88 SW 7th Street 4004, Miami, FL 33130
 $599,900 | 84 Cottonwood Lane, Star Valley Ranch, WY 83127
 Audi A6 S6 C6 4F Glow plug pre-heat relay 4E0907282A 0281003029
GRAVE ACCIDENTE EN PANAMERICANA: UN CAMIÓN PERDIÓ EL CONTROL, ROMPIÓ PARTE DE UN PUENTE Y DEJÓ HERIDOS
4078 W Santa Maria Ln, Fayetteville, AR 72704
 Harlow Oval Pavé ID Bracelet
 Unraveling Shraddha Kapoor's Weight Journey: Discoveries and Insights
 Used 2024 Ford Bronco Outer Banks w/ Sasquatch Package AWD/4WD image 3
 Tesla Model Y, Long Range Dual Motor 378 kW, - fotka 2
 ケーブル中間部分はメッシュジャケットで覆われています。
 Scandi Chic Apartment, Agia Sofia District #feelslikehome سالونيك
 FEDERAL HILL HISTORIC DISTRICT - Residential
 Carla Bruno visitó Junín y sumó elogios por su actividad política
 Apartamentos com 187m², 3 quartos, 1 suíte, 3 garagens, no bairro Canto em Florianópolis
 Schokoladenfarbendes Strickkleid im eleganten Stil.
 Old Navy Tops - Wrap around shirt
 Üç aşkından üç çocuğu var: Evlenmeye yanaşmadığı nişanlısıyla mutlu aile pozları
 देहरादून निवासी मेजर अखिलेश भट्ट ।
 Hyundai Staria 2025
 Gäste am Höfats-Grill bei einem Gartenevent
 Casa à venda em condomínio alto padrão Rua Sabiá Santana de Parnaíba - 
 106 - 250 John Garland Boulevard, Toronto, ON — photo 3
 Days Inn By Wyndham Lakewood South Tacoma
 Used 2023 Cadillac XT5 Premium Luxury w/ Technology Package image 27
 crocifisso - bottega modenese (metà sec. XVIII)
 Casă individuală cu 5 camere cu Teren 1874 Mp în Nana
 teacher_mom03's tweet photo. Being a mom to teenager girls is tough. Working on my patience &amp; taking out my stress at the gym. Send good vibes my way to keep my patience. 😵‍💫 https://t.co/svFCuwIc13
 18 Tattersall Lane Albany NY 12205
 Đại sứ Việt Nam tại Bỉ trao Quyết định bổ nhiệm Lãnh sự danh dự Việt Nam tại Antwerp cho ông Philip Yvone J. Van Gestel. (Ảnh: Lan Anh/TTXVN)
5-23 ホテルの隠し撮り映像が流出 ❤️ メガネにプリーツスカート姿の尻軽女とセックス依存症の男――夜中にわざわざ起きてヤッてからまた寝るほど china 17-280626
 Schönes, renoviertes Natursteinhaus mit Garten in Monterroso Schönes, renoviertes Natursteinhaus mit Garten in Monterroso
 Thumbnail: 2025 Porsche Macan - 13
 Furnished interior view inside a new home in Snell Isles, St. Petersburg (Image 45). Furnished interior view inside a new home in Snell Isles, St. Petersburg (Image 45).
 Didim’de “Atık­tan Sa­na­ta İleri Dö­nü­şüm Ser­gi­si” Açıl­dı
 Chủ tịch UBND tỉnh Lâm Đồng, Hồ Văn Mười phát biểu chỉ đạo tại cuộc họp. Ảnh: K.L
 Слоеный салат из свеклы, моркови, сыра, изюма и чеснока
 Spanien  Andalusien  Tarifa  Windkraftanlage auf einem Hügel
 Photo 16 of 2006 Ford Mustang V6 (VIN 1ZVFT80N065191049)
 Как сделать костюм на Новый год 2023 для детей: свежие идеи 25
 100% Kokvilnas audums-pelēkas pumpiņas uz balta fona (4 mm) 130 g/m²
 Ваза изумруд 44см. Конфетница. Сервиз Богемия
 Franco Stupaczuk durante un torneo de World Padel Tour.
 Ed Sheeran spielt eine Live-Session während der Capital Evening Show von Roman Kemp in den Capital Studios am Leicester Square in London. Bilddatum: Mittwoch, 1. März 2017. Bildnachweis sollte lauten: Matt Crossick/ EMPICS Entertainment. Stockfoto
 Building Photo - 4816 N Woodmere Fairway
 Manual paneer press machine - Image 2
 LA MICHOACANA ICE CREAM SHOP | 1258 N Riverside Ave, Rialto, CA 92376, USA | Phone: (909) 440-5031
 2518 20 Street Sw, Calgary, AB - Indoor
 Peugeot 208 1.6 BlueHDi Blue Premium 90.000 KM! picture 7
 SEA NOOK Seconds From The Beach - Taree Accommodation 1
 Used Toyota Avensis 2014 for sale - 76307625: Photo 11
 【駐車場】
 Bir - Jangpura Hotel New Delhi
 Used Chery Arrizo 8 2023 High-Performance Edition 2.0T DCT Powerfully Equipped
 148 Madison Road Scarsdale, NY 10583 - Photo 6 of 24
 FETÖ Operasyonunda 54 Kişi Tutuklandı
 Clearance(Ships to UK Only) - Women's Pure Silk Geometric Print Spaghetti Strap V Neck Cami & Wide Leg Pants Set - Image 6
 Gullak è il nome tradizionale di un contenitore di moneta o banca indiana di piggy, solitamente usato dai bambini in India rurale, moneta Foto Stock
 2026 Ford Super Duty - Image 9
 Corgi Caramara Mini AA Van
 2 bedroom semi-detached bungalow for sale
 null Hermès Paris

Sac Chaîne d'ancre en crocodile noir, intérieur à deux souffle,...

---+---

What the exercise asks → Repeat all the material exactly as it stands.

Answer box →
88 SW 7th Street 4004, Miami, FL 33130
 $599,900 | 84 Cottonwood Lane, Star Valley Ranch, WY 83127
 Audi A6 S6 C6 4F Glow plug pre-heat relay 4E0907282A 0281003029
GRAVE ACCIDENTE EN PANAMERICANA: UN CAMIÓN PERDIÓ EL CONTROL, ROMPIÓ PARTE DE UN PUENTE Y DEJÓ HERIDOS
4078 W Santa Maria Ln, Fayetteville, AR 72704
 Harlow Oval Pavé ID Bracelet
 Unraveling Shraddha Kapoor's Weight Journey: Discoveries and Insights
 Used 2024 Ford Bronco Outer Banks w/ Sasquatch Package AWD/4WD image 3
 Tesla Model Y, Long Range Dual Motor 378 kW, - fotka 2
 ケーブル中間部分はメッシュジャケットで覆われています。
 Scandi Chic Apartment, Agia Sofia District #feelslikehome سالونيك
 FEDERAL HILL HISTORIC DISTRICT - Residential
 Carla Bruno visitó Junín y sumó elogios por su actividad política
 Apartamentos com 187m², 3 quartos, 1 suíte, 3 garagens, no bairro Canto em Florianópolis
 Schokoladenfarbendes Strickkleid im eleganten Stil.
 Old Navy Tops - Wrap around shirt
 Üç aşkından üç çocuğu var: Evlenmeye yanaşmadığı nişanlısıyla mutlu aile pozları
 देहरादून निवासी मेजर अखिलेश भट्ट ।
 Hyundai Staria 2025
 Gäste am Höfats-Grill bei einem Gartenevent
 Casa à venda em condomínio alto padrão Rua Sabiá Santana de Parnaíba - 
 106 - 250 John Garland Boulevard, Toronto, ON — photo 3
 Days Inn By Wyndham Lakewood South Tacoma
 Used 2023 Cadillac XT5 Premium Luxury w/ Technology Package image 27
 crocifisso - bottega modenese (metà sec. XVIII)
 Casă individuală cu 5 camere cu Teren 1874 Mp în Nana
 teacher_mom03's tweet photo. Being a mom to teenager girls is tough. Working on my patience &amp; taking out my stress at the gym. Send good vibes my way to keep my patience. 😵‍💫 https://t.co/svFCuwIc13
 18 Tattersall Lane Albany NY 12205
 Đại sứ Việt Nam tại Bỉ trao Quyết định bổ nhiệm Lãnh sự danh dự Việt Nam tại Antwerp cho ông Philip Yvone J. Van Gestel. (Ảnh: Lan Anh/TTXVN)
5-23 ホテルの隠し撮り映像が流出 ❤️ メガネにプリーツスカート姿の尻軽女とセックス依存症の男――夜中にわざわざ起きてヤッてからまた寝るほど china 17-280626
 Schönes, renoviertes Natursteinhaus mit Garten in Monterroso Schönes, renoviertes Natursteinhaus mit Garten in Monterroso
 Thumbnail: 2025 Porsche Macan - 13
 Furnished interior view inside a new home in Snell Isles, St. Petersburg (Image 45). Furnished interior view inside a new home in Snell Isles, St. Petersburg (Image 45).
 Didim’de “Atık­tan Sa­na­ta İleri Dö­nü­şüm Ser­gi­si” Açıl­dı
 Chủ tịch UBND tỉnh Lâm Đồng, Hồ Văn Mười phát biểu chỉ đạo tại cuộc họp. Ảnh: K.L
 Слоеный салат из свеклы, моркови, сыра, изюма и чеснока
 Spanien  Andalusien  Tarifa  Windkraftanlage auf einem Hügel
 Photo 16 of 2006 Ford Mustang V6 (VIN 1ZVFT80N065191049)
 Как сделать костюм на Новый год 2023 для детей: свежие идеи 25
 100% Kokvilnas audums-pelēkas pumpiņas uz balta fona (4 mm) 130 g/m²
 Ваза изумруд 44см. Конфетница. Сервиз Богемия
 Franco Stupaczuk durante un torneo de World Padel Tour.
 Ed Sheeran spielt eine Live-Session während der Capital Evening Show von Roman Kemp in den Capital Studios am Leicester Square in London. Bilddatum: Mittwoch, 1. März 2017. Bildnachweis sollte lauten: Matt Crossick/ EMPICS Entertainment. Stockfoto
 Building Photo - 4816 N Woodmere Fairway
 Manual paneer press machine - Image 2
 LA MICHOACANA ICE CREAM SHOP | 1258 N Riverside Ave, Rialto, CA 92376, USA | Phone: (909) 440-5031
 2518 20 Street Sw, Calgary, AB - Indoor
 Peugeot 208 1.6 BlueHDi Blue Premium 90.000 KM! picture 7
 SEA NOOK Seconds From The Beach - Taree Accommodation 1
 Used Toyota Avensis 2014 for sale - 76307625: Photo 11
 【駐車場】
 Bir - Jangpura Hotel New Delhi
 Used Chery Arrizo 8 2023 High-Performance Edition 2.0T DCT Powerfully Equipped
 148 Madison Road Scarsdale, NY 10583 - Photo 6 of 24
 FETÖ Operasyonunda 54 Kişi Tutuklandı
 Clearance(Ships to UK Only) - Women's Pure Silk Geometric Print Spaghetti Strap V Neck Cami & Wide Leg Pants Set - Image 6
 Gullak è il nome tradizionale di un contenitore di moneta o banca indiana di piggy, solitamente usato dai bambini in India rurale, moneta Foto Stock
 2026 Ford Super Duty - Image 9
 Corgi Caramara Mini AA Van
 2 bedroom semi-detached bungalow for sale
 null Hermès Paris

Sac Chaîne d'ancre en crocodile noir, intérieur à deux souffle,...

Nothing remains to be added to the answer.